#### TASK REQUIREMENTS:
Apart from the pictures, write out the records that follow exactly.

═════ DATA SECTION

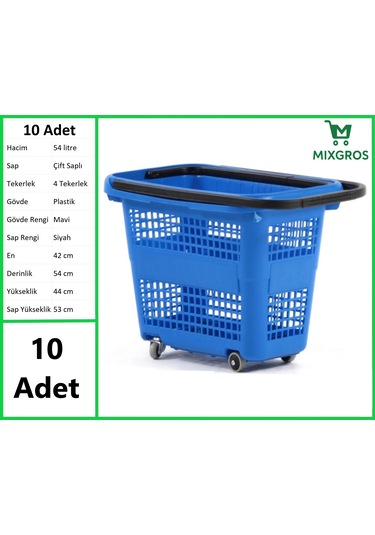 Tekerlekli Plastik Market Alışveriş El Sepeti 54 Litre Mavi 10 Adet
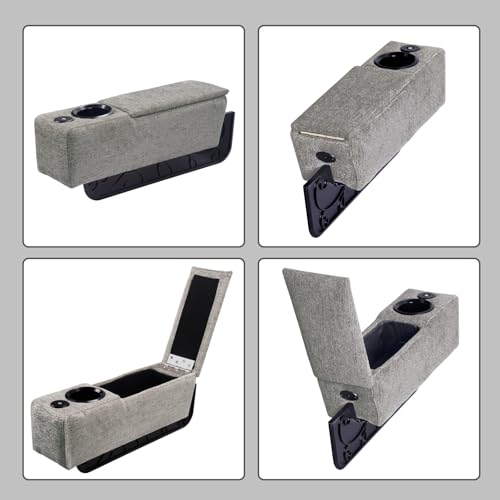 Multifunctional Sofa Armrest, Couch Armrest with Wireless Charge Stand, Removable Couch Caddy with Storage,Including LED Reading Light - color: Pewter, size: Fabric-1 CUP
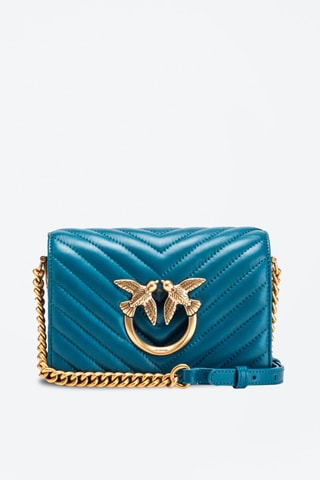 Sac bandoulière en cuir - Bleu - Pinko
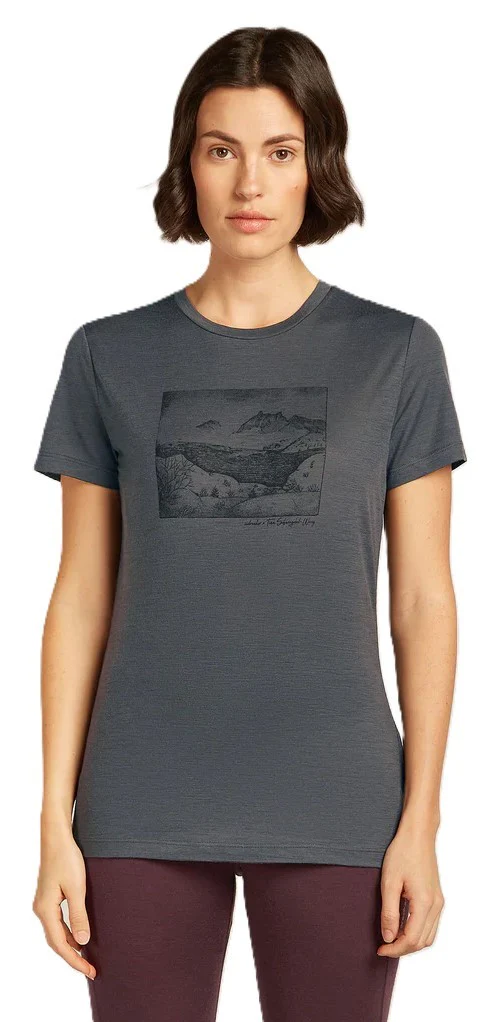 Womens Merino 150 Tech Lite SS Tee Lake View Obsidian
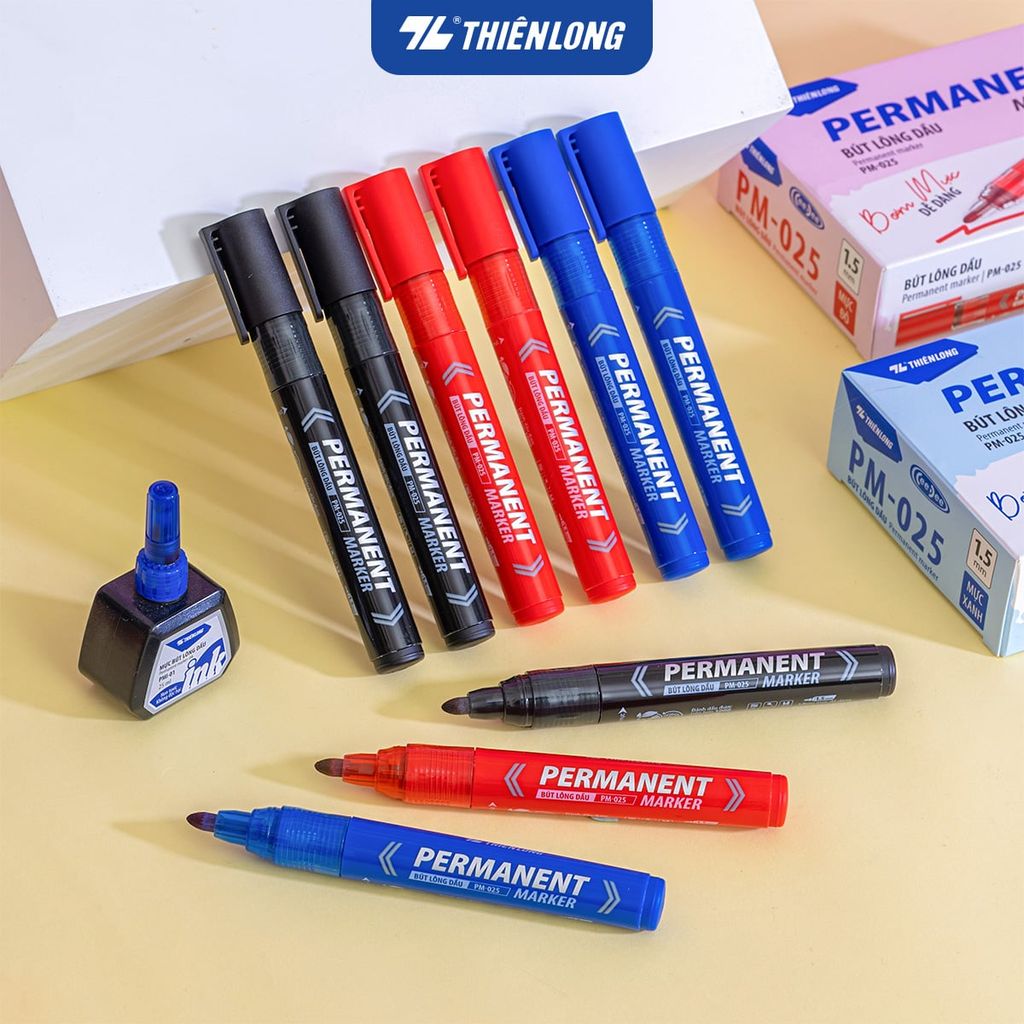 Bút lông dầu - Permanent Marker Thiên Long PM-025 - Bơm mực dễ dàng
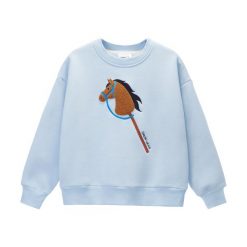 Bluza jeździecka GALOP WEAR Hobby Horse. Niebieskie bluzy GALOP WEAR, z aplikacjami, z bawełny, bez kaptura. Za 229.00 zł.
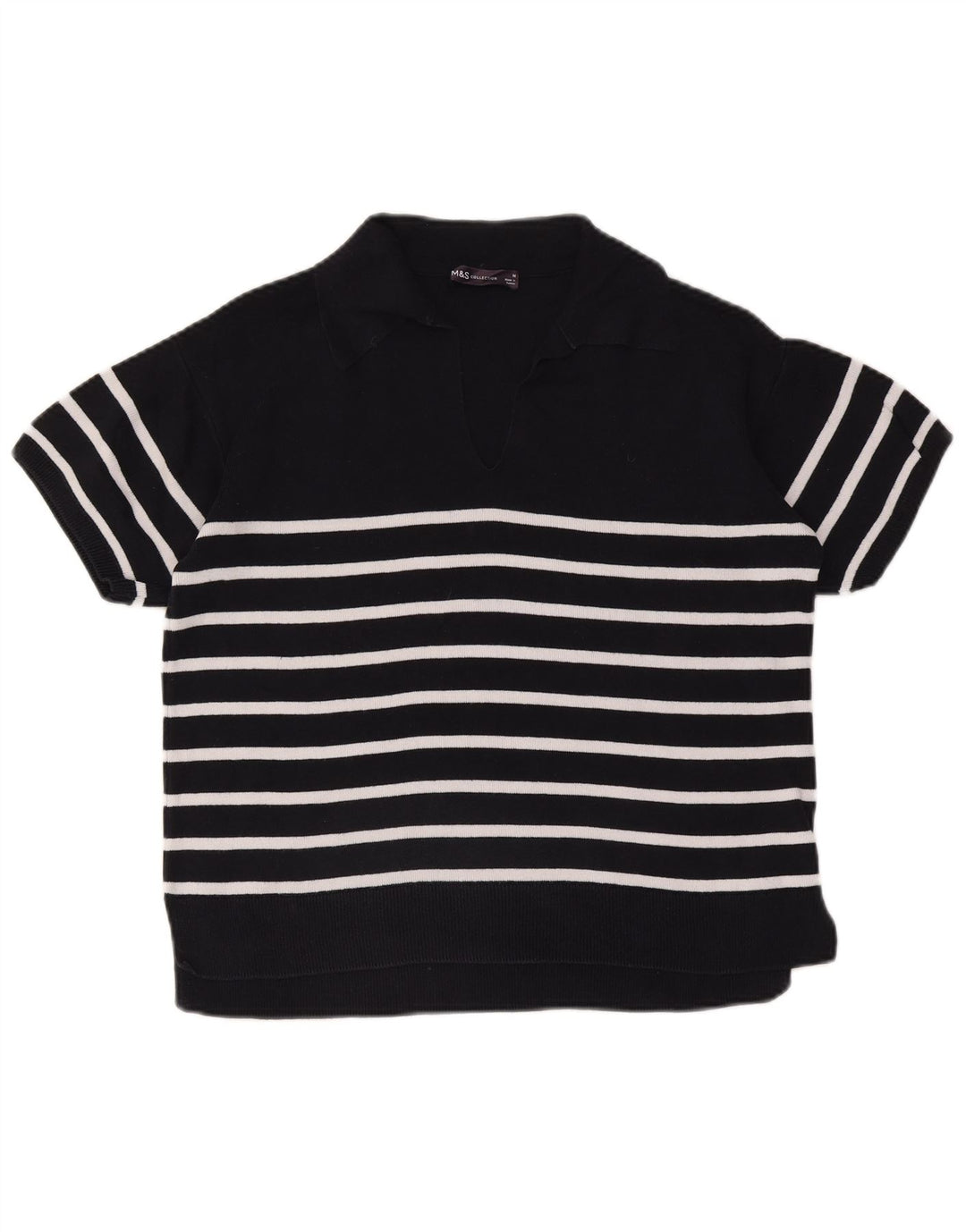 Marks & Spencer Womens Polo Neck Jumper Sweater UK 14 Medium Navy Blue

══════════

#### EXERCISE RESULT:
 Tekerlekli Plastik Market Alışveriş El Sepeti 54 Litre Mavi 10 Adet
 Multifunctional Sofa Armrest, Couch Armrest with Wireless Charge Stand, Removable Couch Caddy with Storage,Including LED Reading Light - color: Pewter, size: Fabric-1 CUP
 Sac bandoulière en cuir - Bleu - Pinko
 Womens Merino 150 Tech Lite SS Tee Lake View Obsidian
 Bút lông dầu - Permanent Marker Thiên Long PM-025 - Bơm mực dễ dàng
 Bluza jeździecka GALOP WEAR Hobby Horse. Niebieskie bluzy GALOP WEAR, z aplikacjami, z bawełny, bez kaptura. Za 229.00 zł.
 Marks & Spencer Womens Polo Neck Jumper Sweater UK 14 Medium Navy Blue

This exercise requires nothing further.